Hemsley did note that social media research tends to collect information about a subset of the population that is very media oriented, and that different social media platforms such as Twitter, Instagram, and Facebook each attract a unique mix of age groups and demographics. Still, he suggested that studying online opinions and reactions, perhaps someday mining the Twitter Archive at the Library of Congress (LC)—which has been stalled as LC deals with technical and policy-related challenges regarding how it might provide access to every tweet posted since the service’s inception—could have significant implications in the future.

“A government, for example, that is mining social media could use that for good purposes, like figuring out what policies or projects and things are working and what isn’t,” he said. “Where could government help us, for instance?”
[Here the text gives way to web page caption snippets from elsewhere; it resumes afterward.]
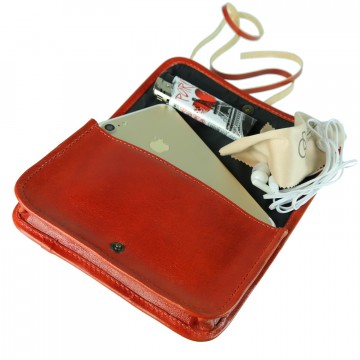 Pochette étui iPhone Smartphone "Go-Mobile" 100% CUIR, étui pour le téléphone, baladeur Cuir Véritable 15,5 x 10 cm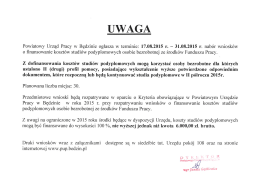 UWAGA - Powiatowy Urząd Pracy w Będzinie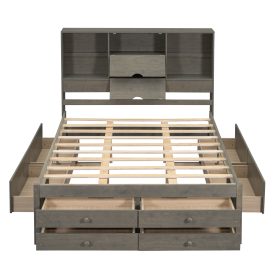 King Size Platform Bed With Storage Headboard And 8 Drawers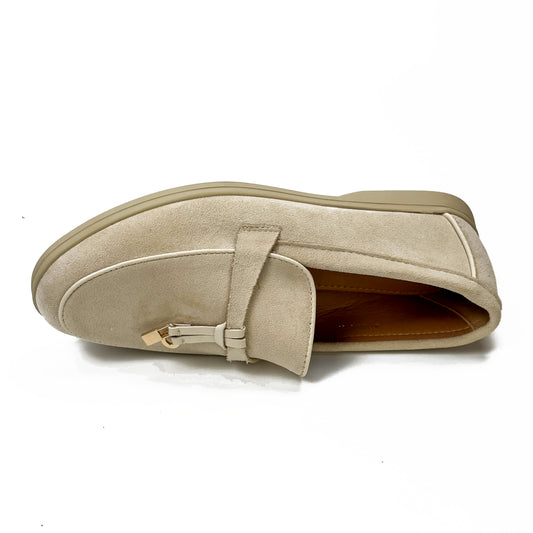 Mocassins femme beige à bride et ornement métallique, vue de dessus – SELEX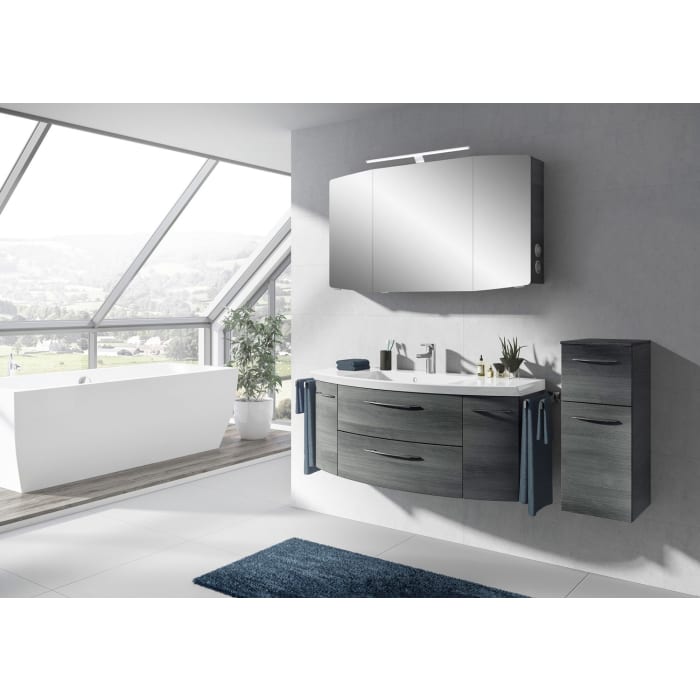 Pelipal Cassca Spiegelschrank 120 x 17 x 67 cm mit LED Beleuchtung, Modul rechts außen, Waschplatzbeleuchtung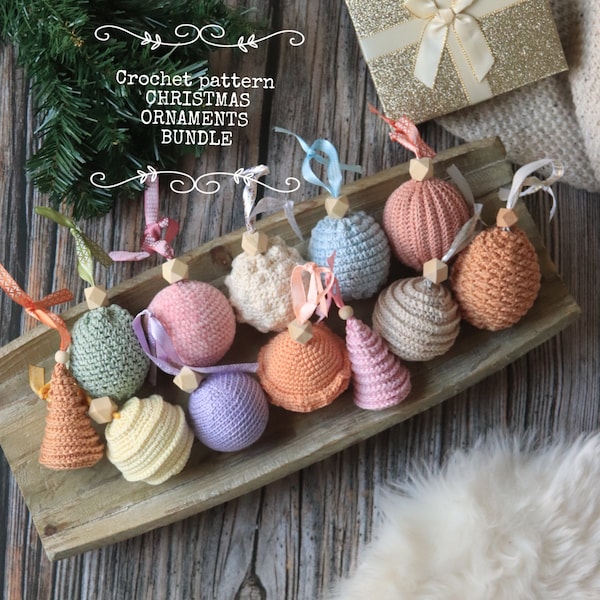 BUNDLE : Patrons de décorations de Noël au crochet, Décoration de Noël au crochet, Tutoriel crochet, Patrons de crochet PDF, Boules de Noël au crochet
In contrast to the data mining potential of LC’s Twitter archive project, STACKS is more appropriate for targeted research projects focused on specific people or topics, such as the current field of presidential candidates. Written primarily in Python, STACKS uses a MongoDB NoSQL database, which handles unstructured and semi-structured data more easily than a traditional structured query language (SQL) relational database. The open source program is available on GitHub, and will run on Mac OSX or any Linux environment. Interested users would also need to install MongoDB, which is open source, and Python.